Talks and presentations

Unlocking the Potential of Pre-training for Accelerated Discovery in Chemistry

September 20, 2024

Invited Talk, AI for Science Institute (AISI), Beijing, Remote

This talk explores the potential of pre-training methods to accelerate discovery in chemistry by learning general-purpose representations from large, diverse datasets. Building upon the speaker’s previous work on Joint Multi-domain Pre-training (JMP), which achieved state-of-the-art performance on a wide range of atomistic prediction tasks, the talk dives into key challenges and opportunities such as handling vast chemical space with limited data, developing pre-training objectives that leverage abundant simulation data, and scaling models to billions of parameters.

Unlocking the Potential of Pre-training for Accelerated Discovery in Chemistry

August 27, 2024

Invited Talk, 2024 Machine Learning for Materials and Molecular Discoveries Symposium, Gothenburg, Sweden

This talk explores the potential of pre-training methods to accelerate discovery in chemistry by learning general-purpose representations from large, diverse datasets. Building upon the speaker’s previous work on Joint Multi-domain Pre-training (JMP), which achieved state-of-the-art performance on a wide range of atomistic prediction tasks, the talk dives into key challenges and opportunities such as handling vast chemical space with limited data, developing pre-training objectives that leverage abundant simulation data, and scaling models to billions of parameters.

From Molecules to Materials: Pre-training Large Generalizable Models for Atomic Property Prediction

July 02, 2024

Invited Talk, King Abdullah University of Science and Technology (KAUST), Remote

This talk introduces Joint Multi-Domain Pre-training (JMP), a robust supervised pre-training approach which simultaneously trains on data from multiple chemical domains. JMP demonstrates state-of-the-art results on key small molecule, large molecule, and materials datasets and offers insights into the influence of pre-training strategies on fine-tuning.

From Molecules to Materials: Pre-training Large Generalizable Models for Atomic Property Prediction

April 10, 2024

Invited Talk, Molecular ML Reading Group, Remote

This talk introduces Joint Multi-Domain Pre-training (JMP), a robust supervised pre-training approach which simultaneously trains on data from multiple chemical domains. JMP demonstrates state-of-the-art results on key small molecule, large molecule, and materials datasets and offers insights into the influence of pre-training strategies on fine-tuning.

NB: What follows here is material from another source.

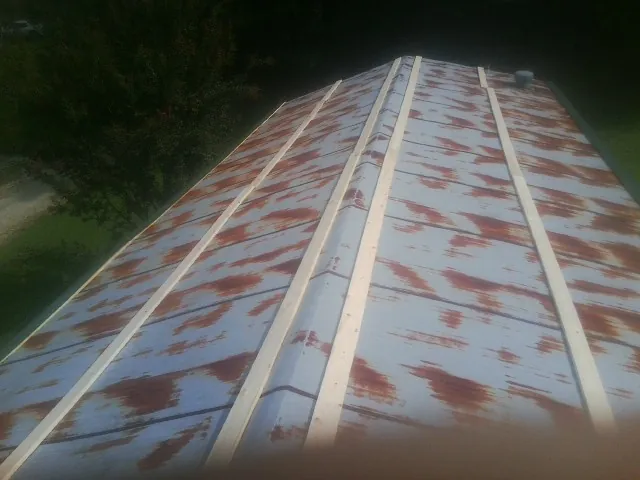 Rusted metal roof panels with new wood purlins before replacement — Storm Damage Roof Repair in Richardson by Roofing Brothers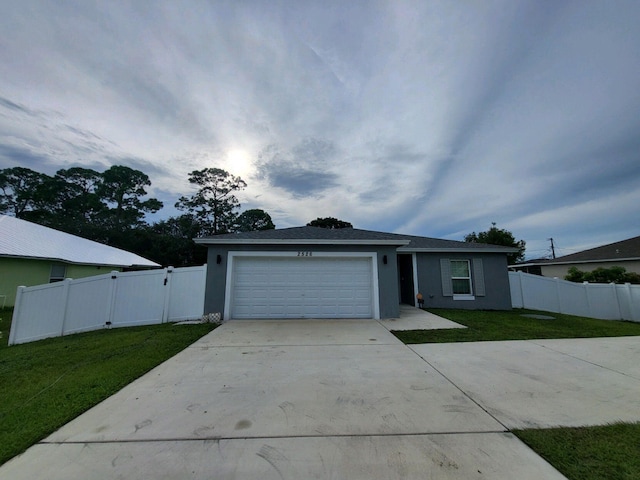 ranch-style house featuring a garage and a front lawn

From Molecules to Materials: Pre-training Large Generalizable Models for Atomic Property Prediction

August 01, 2023

Talk, ACS Fall Meeting, San Francisco, CA

This talk introduces Joint Multi-Domain Pre-training (JMP), a robust supervised pre-training approach which simultaneously trains on data from multiple chemical domains. JMP demonstrates state-of-the-art results on key small molecule, large molecule, and materials datasets and offers insights into the influence of pre-training strategies on fine-tuning.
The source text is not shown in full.